Dafür habe es innerhalb der Professorenschaft manches rhetorische Scharmützel um die korrekte deutschnationale Gesinnung gegeben – Hunger führt in seinem Text einige Beispiele an. Auch wenn die Grundstimmung an der Universität staatstragend und patriotisch gewesen sei, hätten die Amtsträger  bei abweichenden Meinungen meist gelassen reagiert. Dies sei zum einen aus Rücksicht auf die Prinzipien der Toleranz und der wissenschaftlichen Freiheit geschehen, zum anderen aber auch, um „die Universität als unabhängige sachlich objektive, nur der Wahrheit verpflichtete und dazu noch politisch loyale Institution in der Öffentlichkeit darzustellen“.

Am Ende stand für die Universität ein hoher Blutzoll: 726 Studenten und damit 30 Prozent aller Immatrikulierten starben im Krieg, außerdem elf Privatdozenten, zehn Assistenten und ein Bibliotheksdiener. Sie wurden 1924 mit einem Denkmal vor dem Auditorium am Weender Tor geehrt.

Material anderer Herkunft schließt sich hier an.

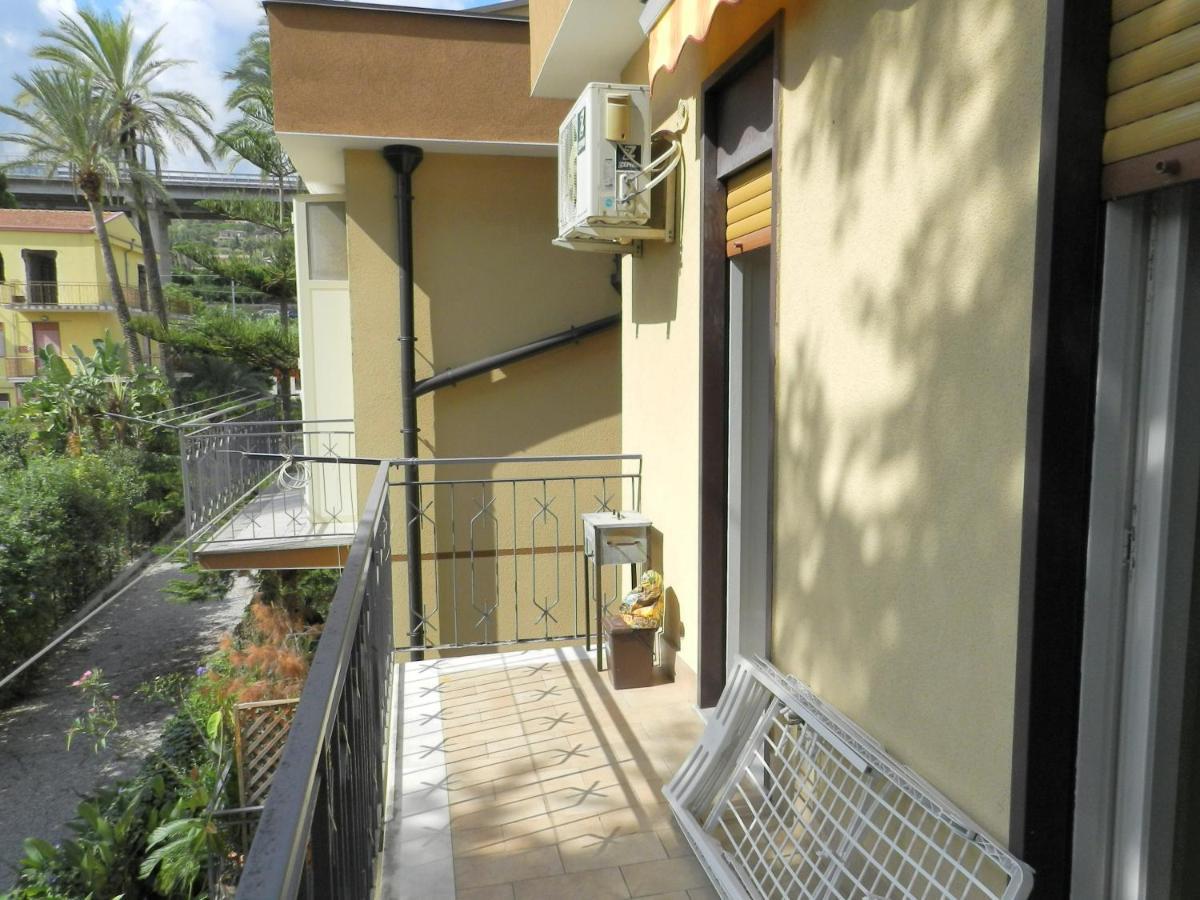 Apartment In Patti Marina: A Step Away From The Sea And From The Center! Exterior photo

Eine strukturelle oder mentale Umwälzung habe es an der Universität jedoch nicht gegeben, so Hunger. Es seien vielmehr nach Kriegsende starke Kontinuitäten zu verzeichnen gewesen. Das geistige Gepäck, dass die zurückkehrenden Frontkämpfer in Form von Dolchstoßlegende und der Bewertung des Friedensvertrages als „Schanddiktat von Versailles“ bei sich getragen hätten, sei allerdings ein bedrohliches Erbe des Ersten Weltkriegs gewesen.